In haar memorie van antwoord heeft [geïntimeerde] nog aangevoerd dat de reden dat zij samen met [X.] een bezoek heeft gebracht aan [klant van VTU], de klant van VTU die zij bij brief van 5 maart 2010 een offerte namens Business Mobile heeft toegezonden, daarin gelegen was dat VTU haar klanten een brief had gezonden waarin gesuggereerd werd dat [geïntimeerde] en [X.] over de schreef waren gegaan. [geïntimeerde] en [X.] wilden dit in ieder geval bij de klanten waar zij intensief contact mee hadden gehad rechtgezet hebben. Nu deze stelling voor het eerst in hoger beroep is aangevoerd en deze reden niet wordt genoemd in de verklaringen die [geïntimeerde] heeft afgelegd in het kader van het voorlopig getuigenverhoor, bij de politie en de rechter-commissaris, acht het hof deze stelling, mede gelet op de door VTU als productie 19 bij akte na memorie van antwoord overgelegde brief van 19 januari 2010 van VTU aan haar klanten, welke brief neutraal is geformuleerd, onvoldoende onderbouwd.
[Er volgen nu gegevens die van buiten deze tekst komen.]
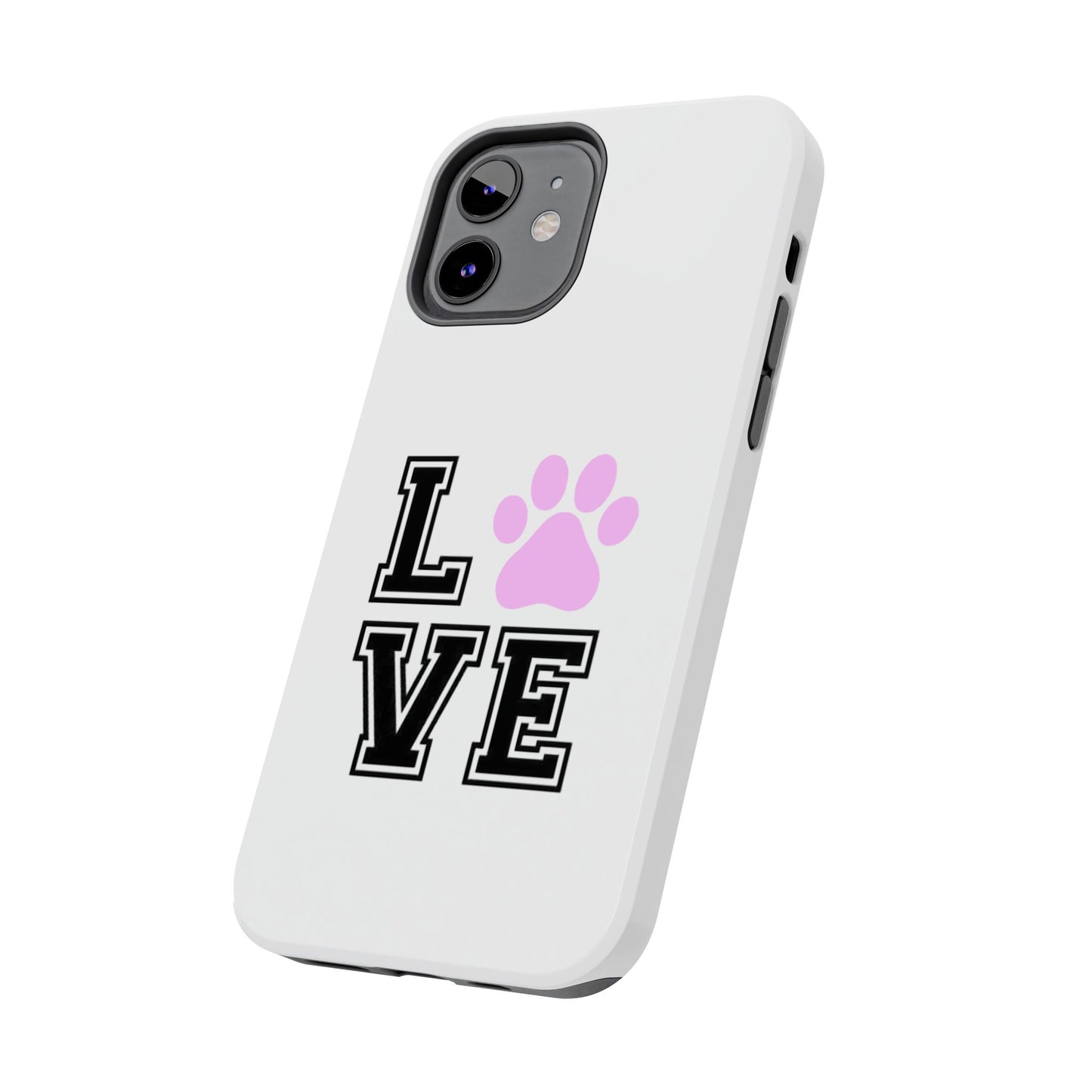 Love Pink Paw Print - Tough iPhone Cases - Choose your Size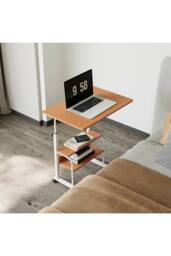 Living and Home Height Adjustable Mobile Overbed Table in Walnut - thumbnail 2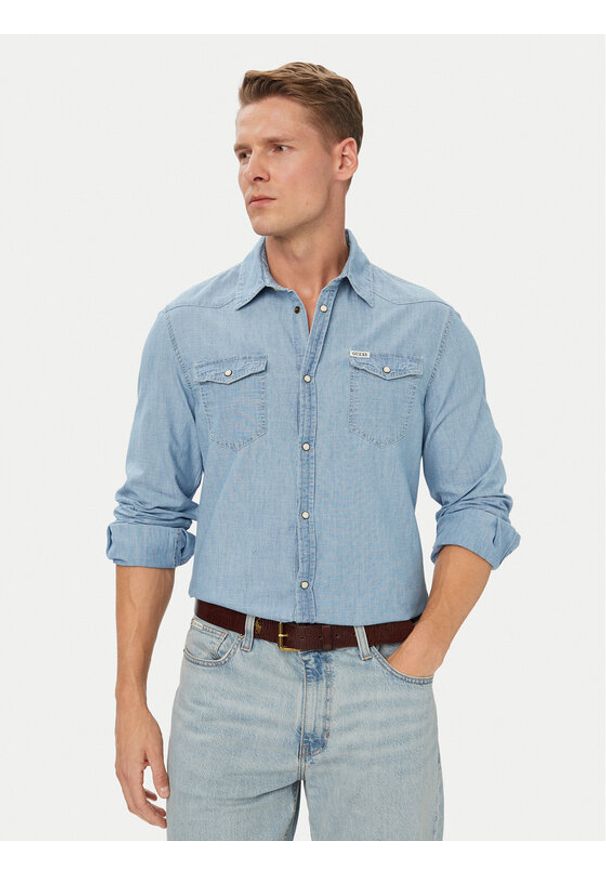 Guess Koszula 183286 Niebieski Classic Fit. Kolor: niebieski. Materiał: bawełna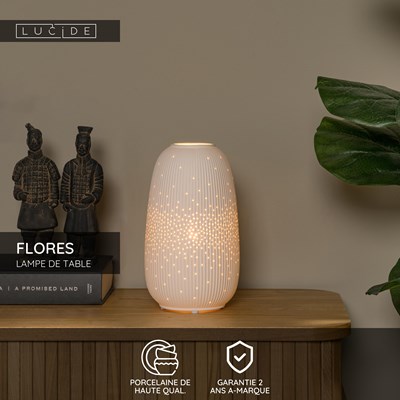 Lucide FLORES - Lampe de table - Ø 14,1 cm - 1xE14 - Blanc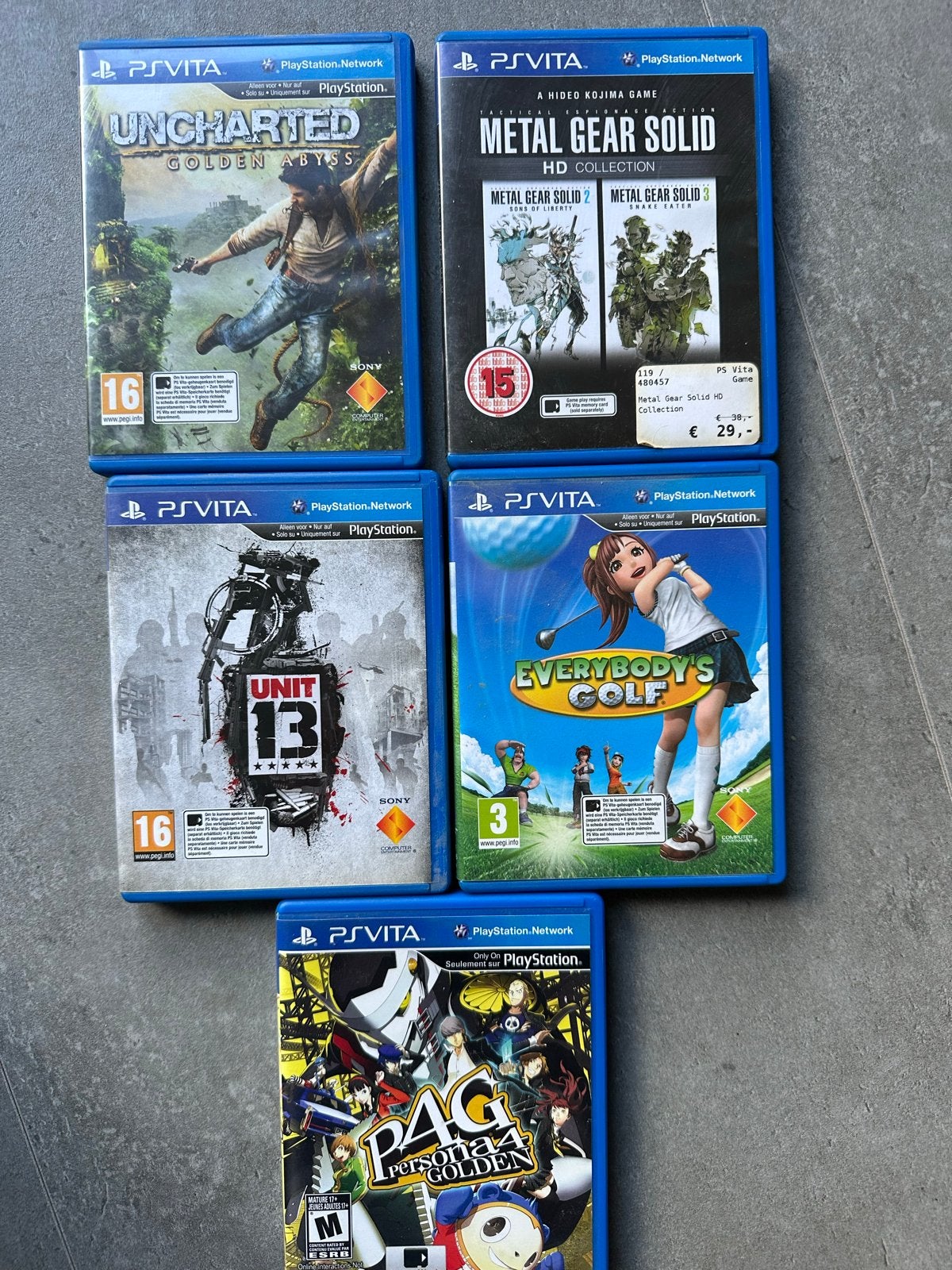 5x PS Vita Games: Uncharted, Metal Gear Solid, Persona 4, et, Spelcomputers en Games, Ophalen, Gebruikt, Overige genres, 1 speler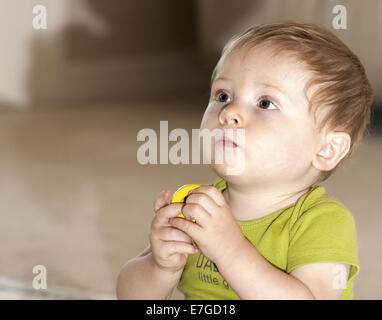 Adorable little boy with blond hair is holding a yellow block/toy.  Clermont Florida USA Stock Photo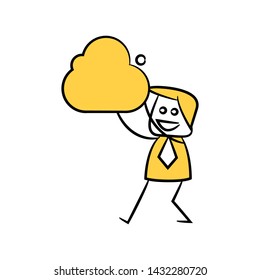businessman holding cloud concept in stick figure yellow theme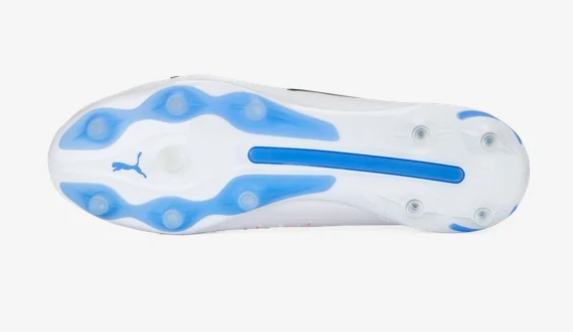 Puma King Ultimate FG/AG - White/Black/Blue Glimmer Mens Footwear Mens 8 White/Black/Blue Glimmer - Third Coast Soccer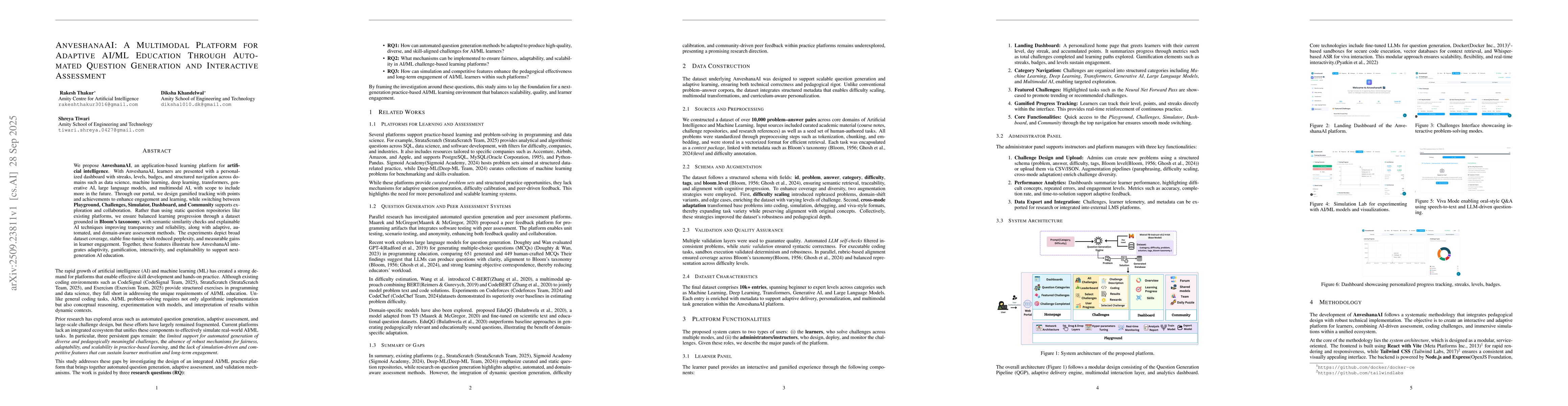 Thumbnail for AnveshanaAI: A Multimodal Platform for Adaptive AI/ML Education through
  Automated Question Generation and Interactive Assessment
Daarnaast heeft [geïntimeerde] in haar memorie van antwoord uitvoerig uiteengezet dat en waarom de verklaring van mevrouw [getuige sub 7.], die het hof in het tussenarrest mede ten grondslag heeft gelegd aan zijn oordeel dat voorshands was bewezen dat [geïntimeerde] op 18 februari 2010 al werkzaamheden verrichtte voor Business Mobile, onjuist is. Het hof volgt [geïntimeerde] niet in dit standpunt nu mevrouw [getuige sub 7.] niet alleen door de politie gehoord is, maar ook onder ede door de rechter-commissaris.
Gezien het voorgaande zal het hof de beslissing van de kantonrechter tot veroordeling van VTU tot betaling aan [geïntimeerde] van een bedrag van € 8.806,95 ter zake van salaris en bonus, vermeerderd met de wettelijke verhoging en de wettelijke rente, bekrachtigen.